** Dataset records follows **

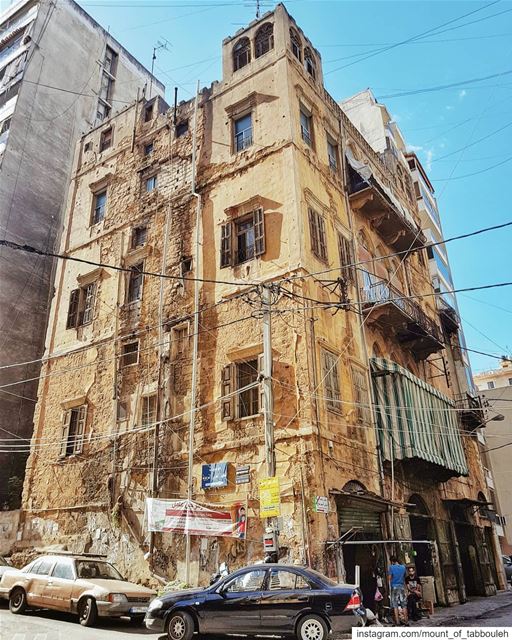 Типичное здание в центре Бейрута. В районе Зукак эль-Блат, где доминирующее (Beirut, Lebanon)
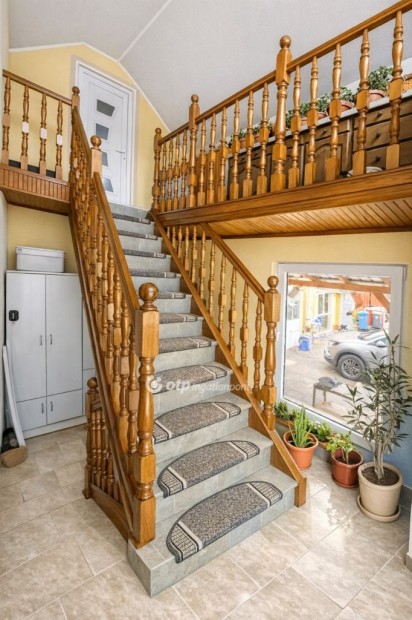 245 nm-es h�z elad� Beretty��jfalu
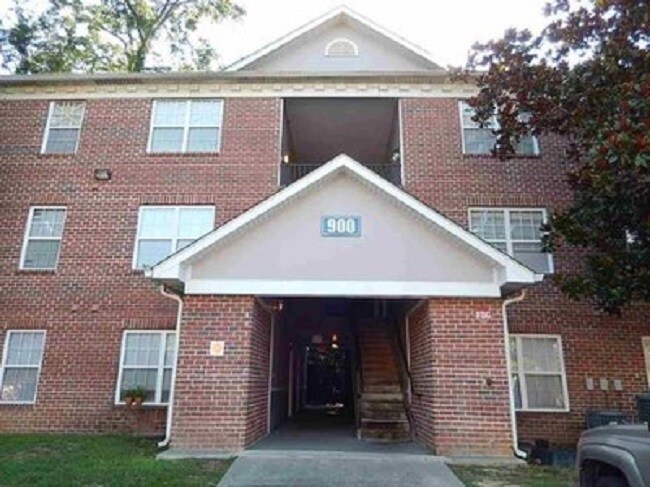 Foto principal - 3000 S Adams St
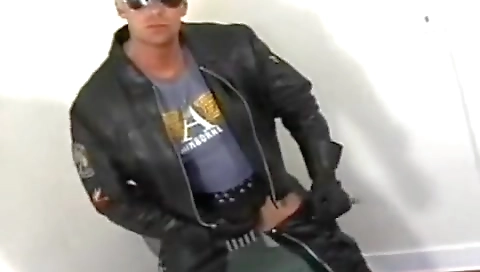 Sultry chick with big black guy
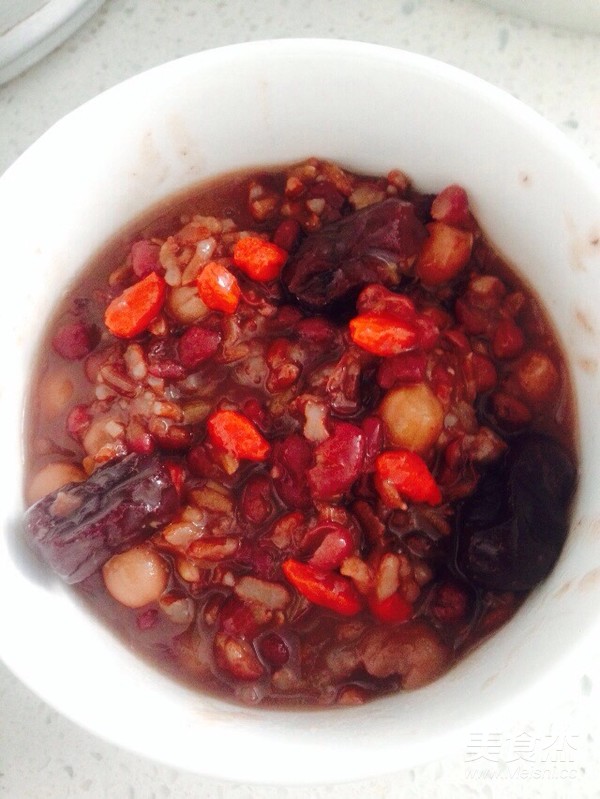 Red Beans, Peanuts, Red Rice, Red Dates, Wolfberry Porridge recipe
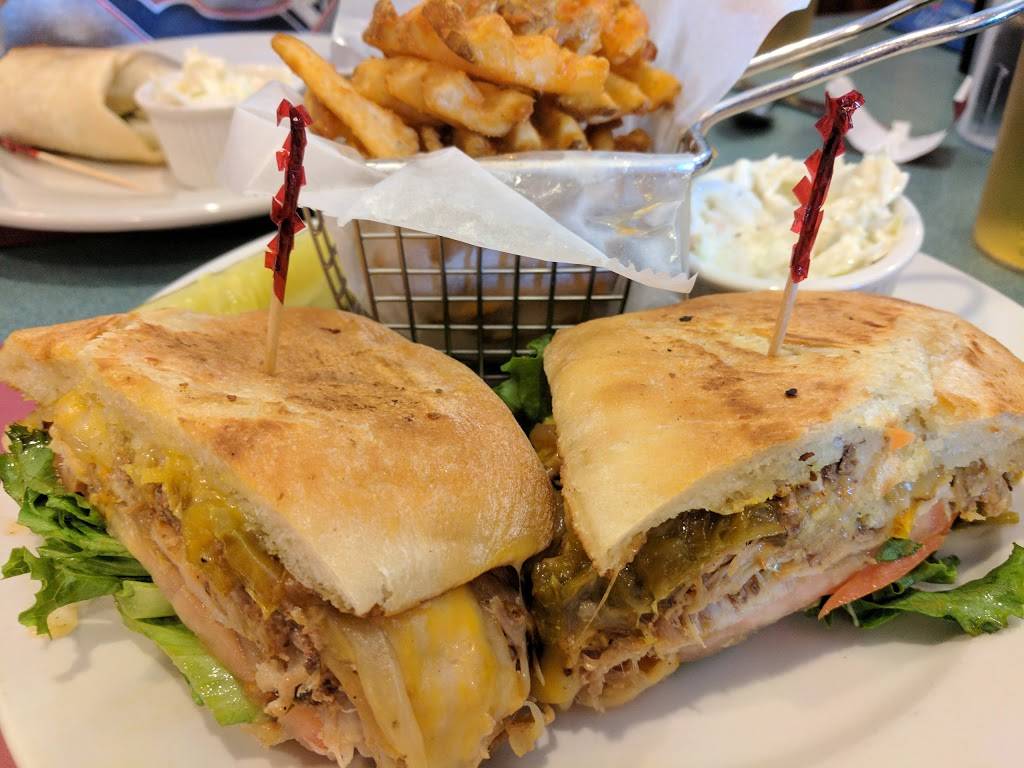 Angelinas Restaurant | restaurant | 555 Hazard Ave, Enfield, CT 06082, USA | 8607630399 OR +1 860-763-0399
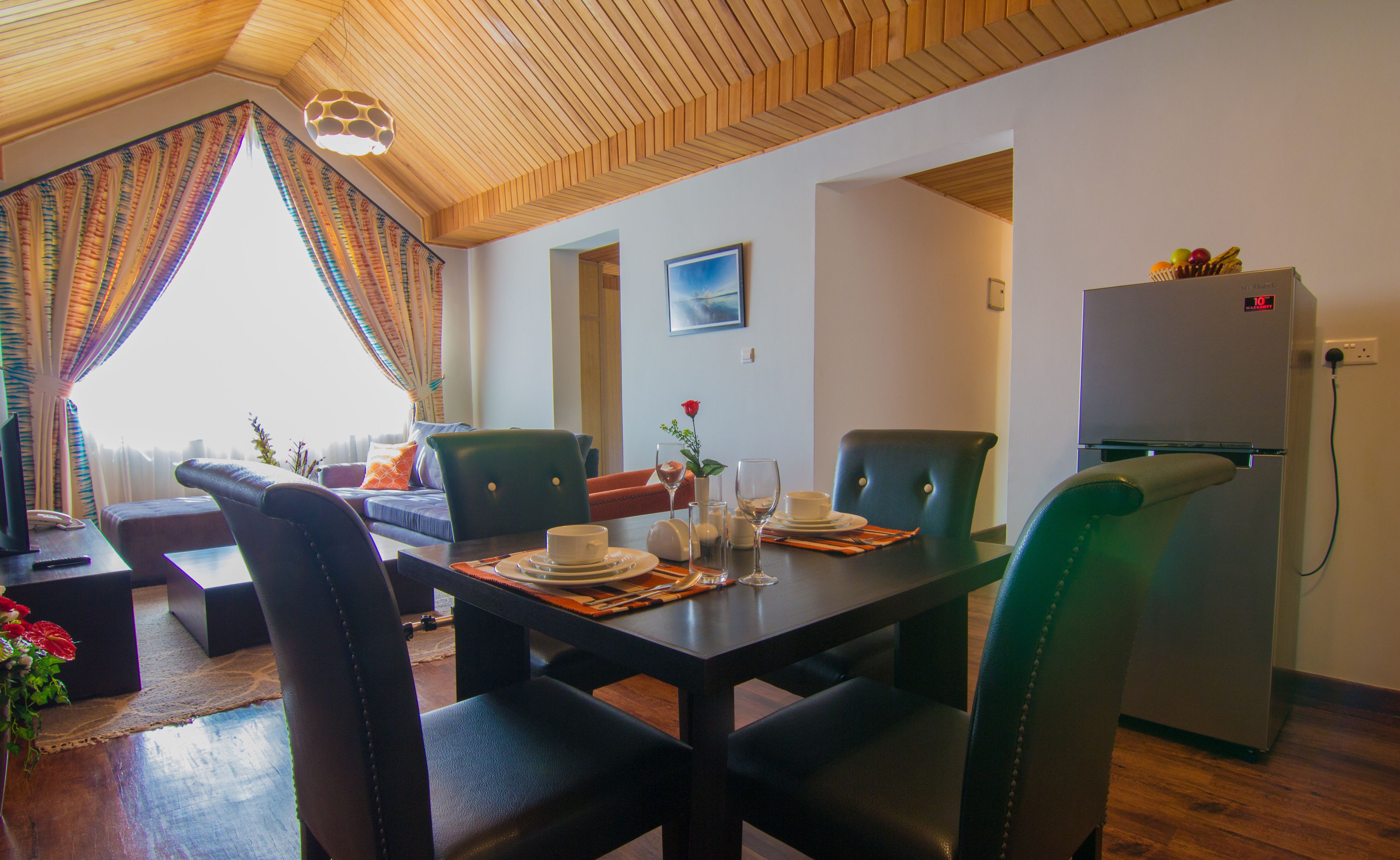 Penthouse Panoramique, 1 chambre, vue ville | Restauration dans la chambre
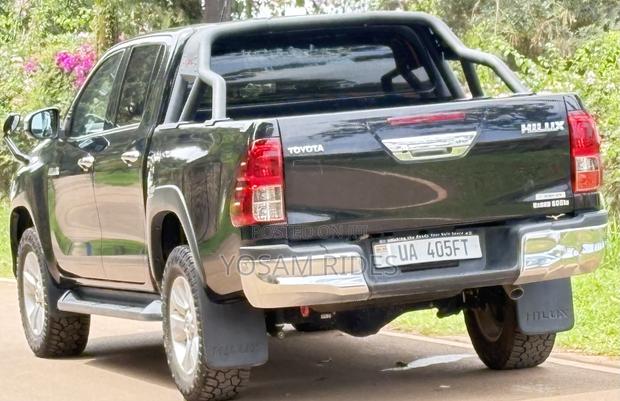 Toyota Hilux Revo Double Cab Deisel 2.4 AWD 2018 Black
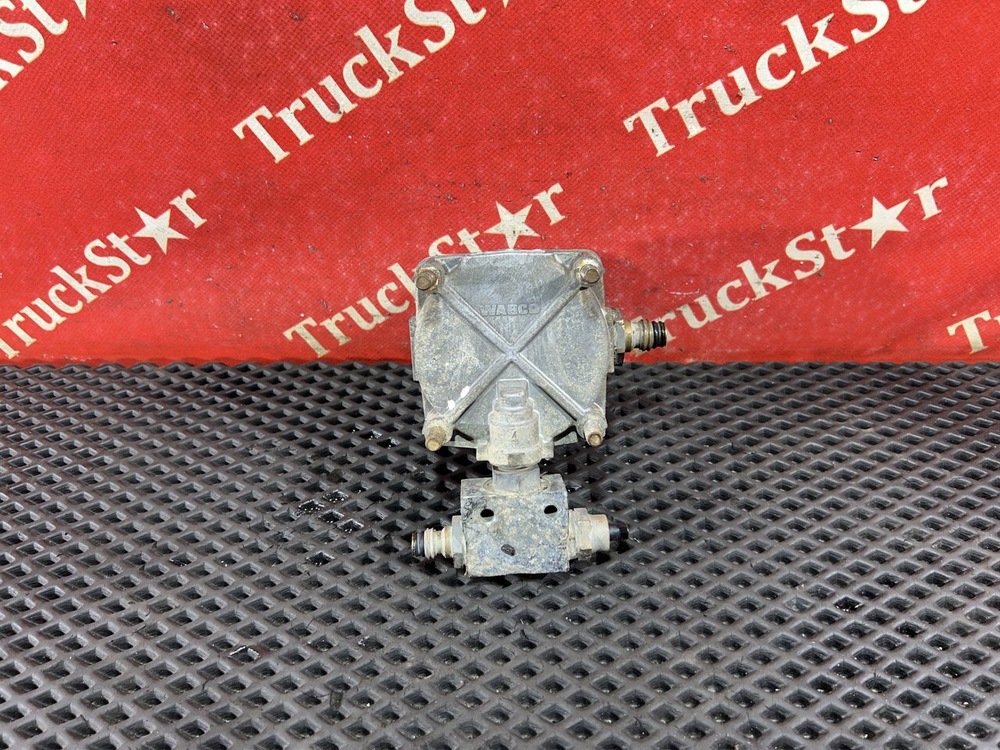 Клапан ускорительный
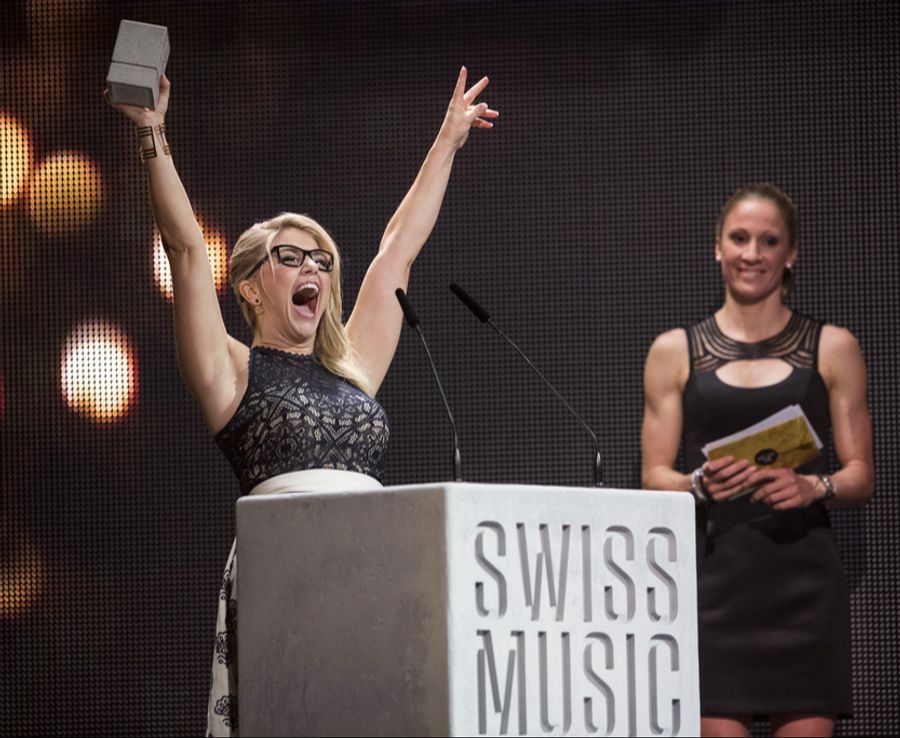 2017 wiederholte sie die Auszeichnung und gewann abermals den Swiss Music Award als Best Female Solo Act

** End of Dataset records **

* **Prompt**: Repeat exactly the lines from the start of the entries down to the line with "Angelinas Restaurant |", keeping both ends but none of the pictures.

* **Expected output**:
 Типичное здание в центре Бейрута. В районе Зукак эль-Блат, где доминирующее (Beirut, Lebanon)
 245 nm-es h�z elad� Beretty��jfalu
 Foto principal - 3000 S Adams St
 Sultry chick with big black guy
 Red Beans, Peanuts, Red Rice, Red Dates, Wolfberry Porridge recipe
 Angelinas Restaurant | restaurant | 555 Hazard Ave, Enfield, CT 06082, USA | 8607630399 OR +1 860-763-0399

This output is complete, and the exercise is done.